Dataset content
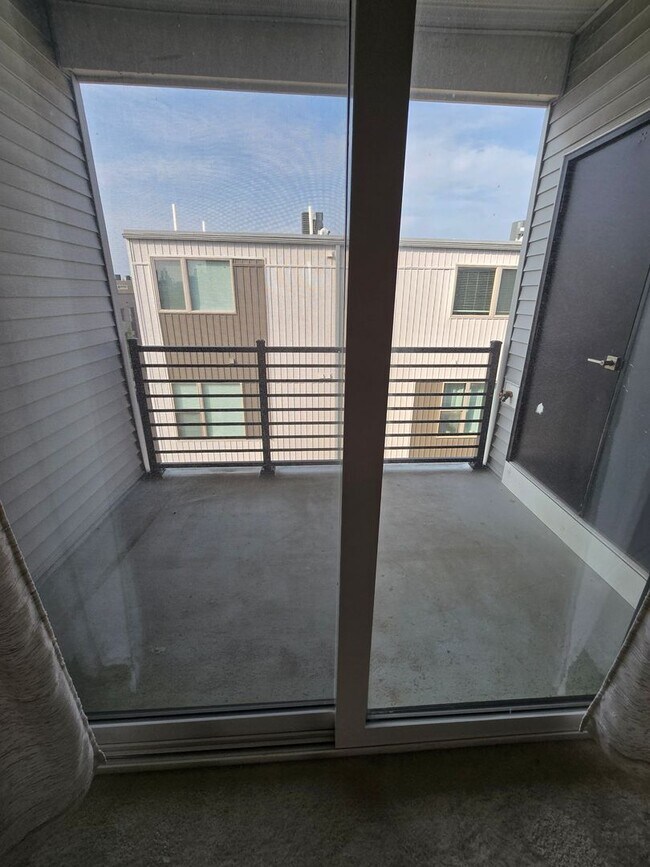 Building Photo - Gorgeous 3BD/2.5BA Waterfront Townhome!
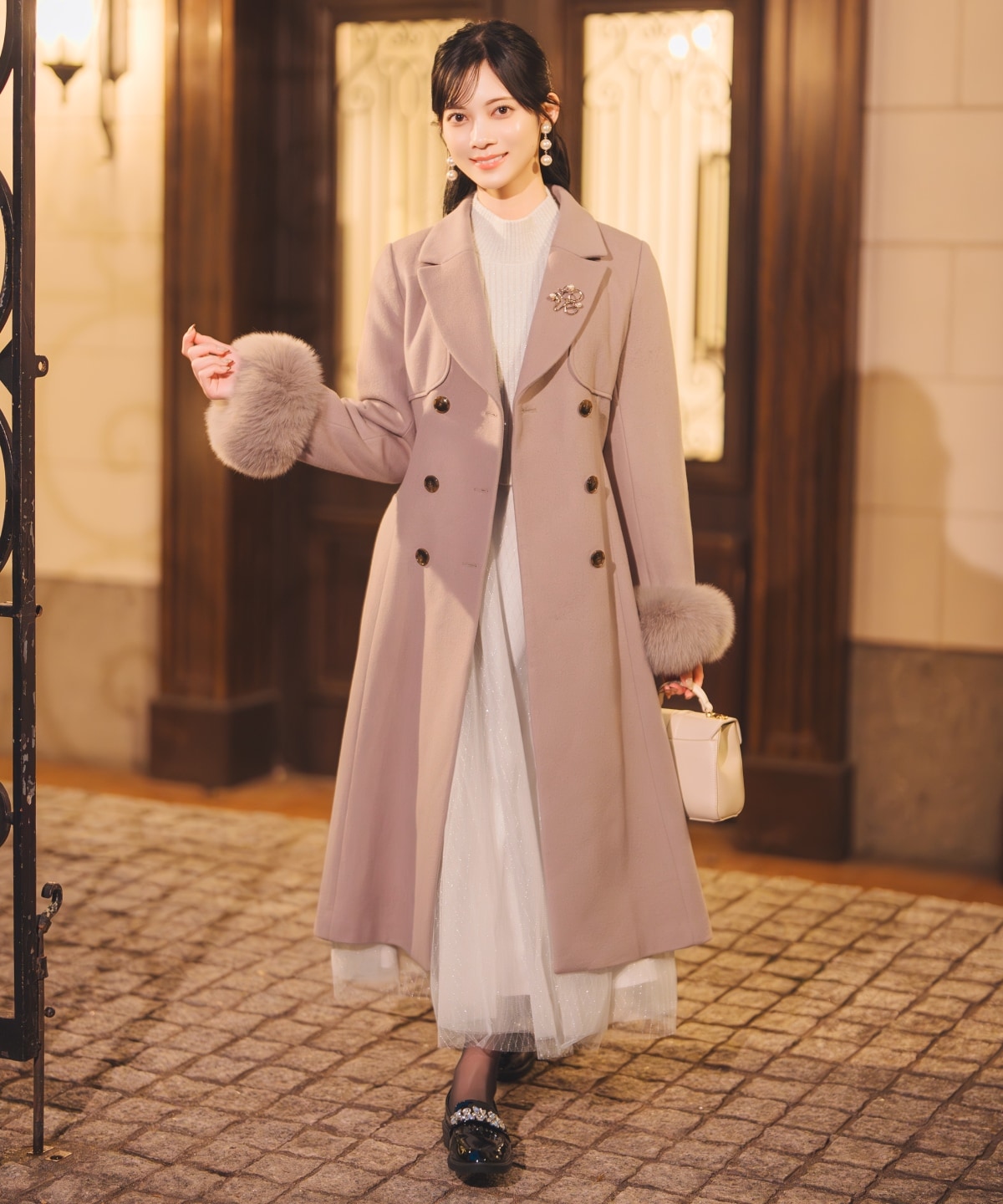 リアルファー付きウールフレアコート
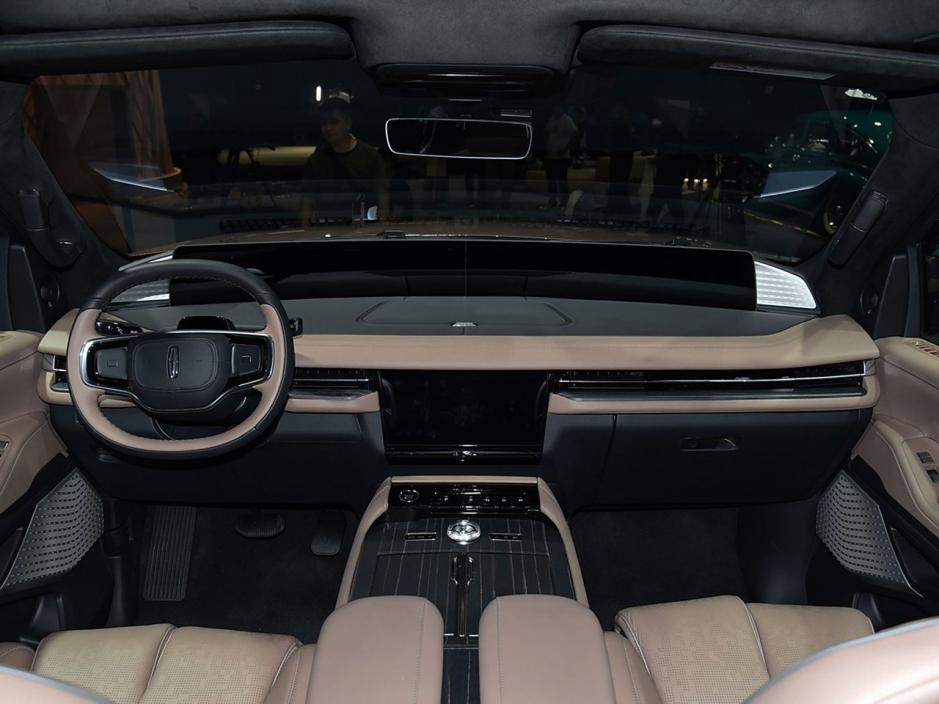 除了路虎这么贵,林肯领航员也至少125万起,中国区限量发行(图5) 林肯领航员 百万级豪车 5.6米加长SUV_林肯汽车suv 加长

---

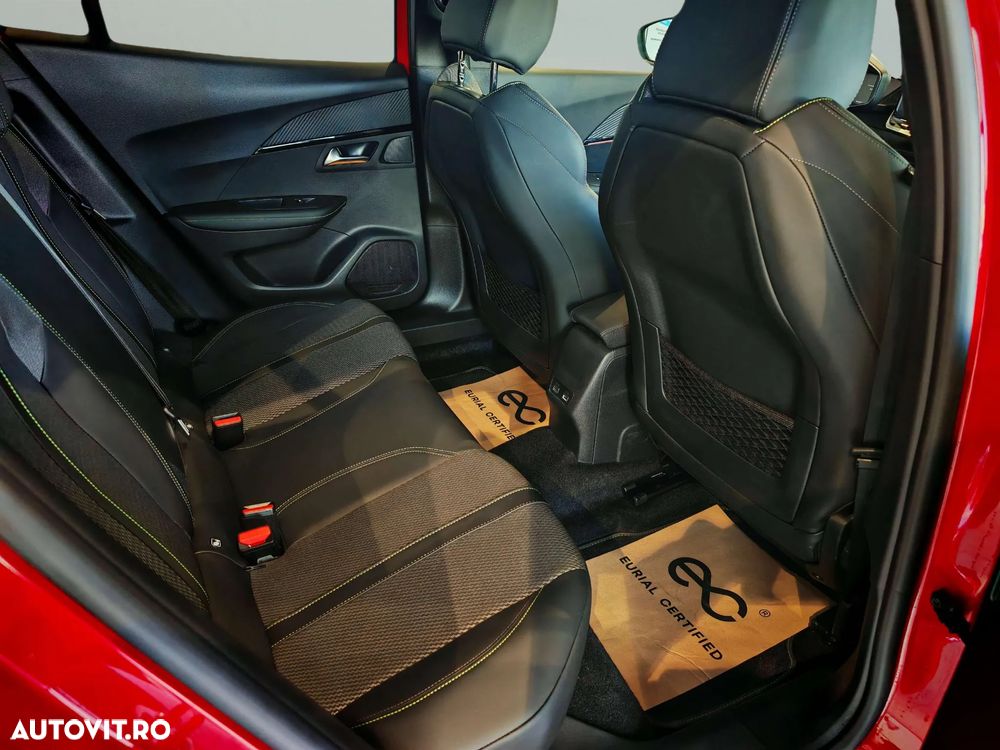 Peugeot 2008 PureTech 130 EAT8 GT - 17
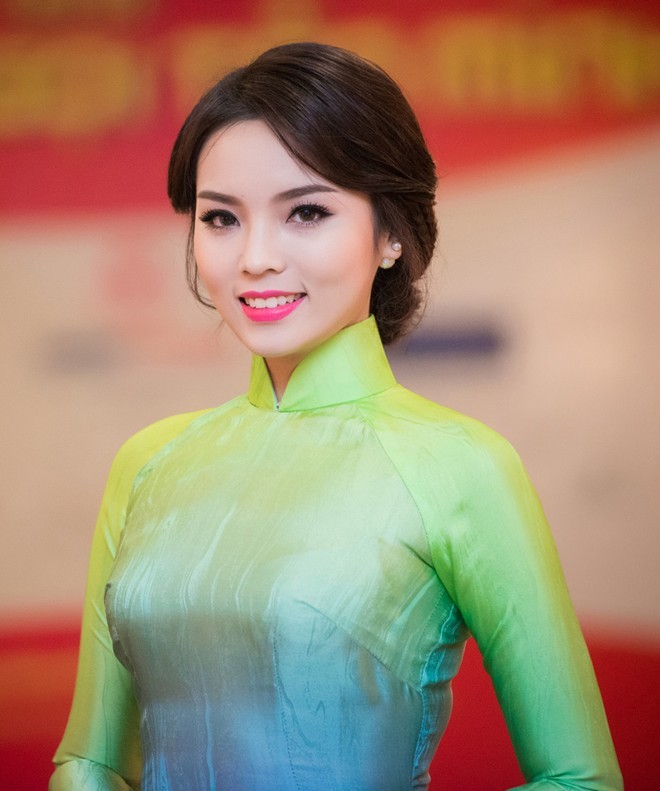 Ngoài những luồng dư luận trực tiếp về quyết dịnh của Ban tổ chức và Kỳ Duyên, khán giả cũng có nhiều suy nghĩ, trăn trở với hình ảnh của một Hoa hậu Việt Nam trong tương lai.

Task requirements
The lines to copy exactly start with the line above that has "Peugeot 2008 PureTech 130 EAT8 GT - 17" and go on through the line that has "Ngoài những luồng"; please include both, add nothing else, and omit the pictures.

Answer section
 Peugeot 2008 PureTech 130 EAT8 GT - 17
 Ngoài những luồng dư luận trực tiếp về quyết dịnh của Ban tổ chức và Kỳ Duyên, khán giả cũng có nhiều suy nghĩ, trăn trở với hình ảnh của một Hoa hậu Việt Nam trong tương lai.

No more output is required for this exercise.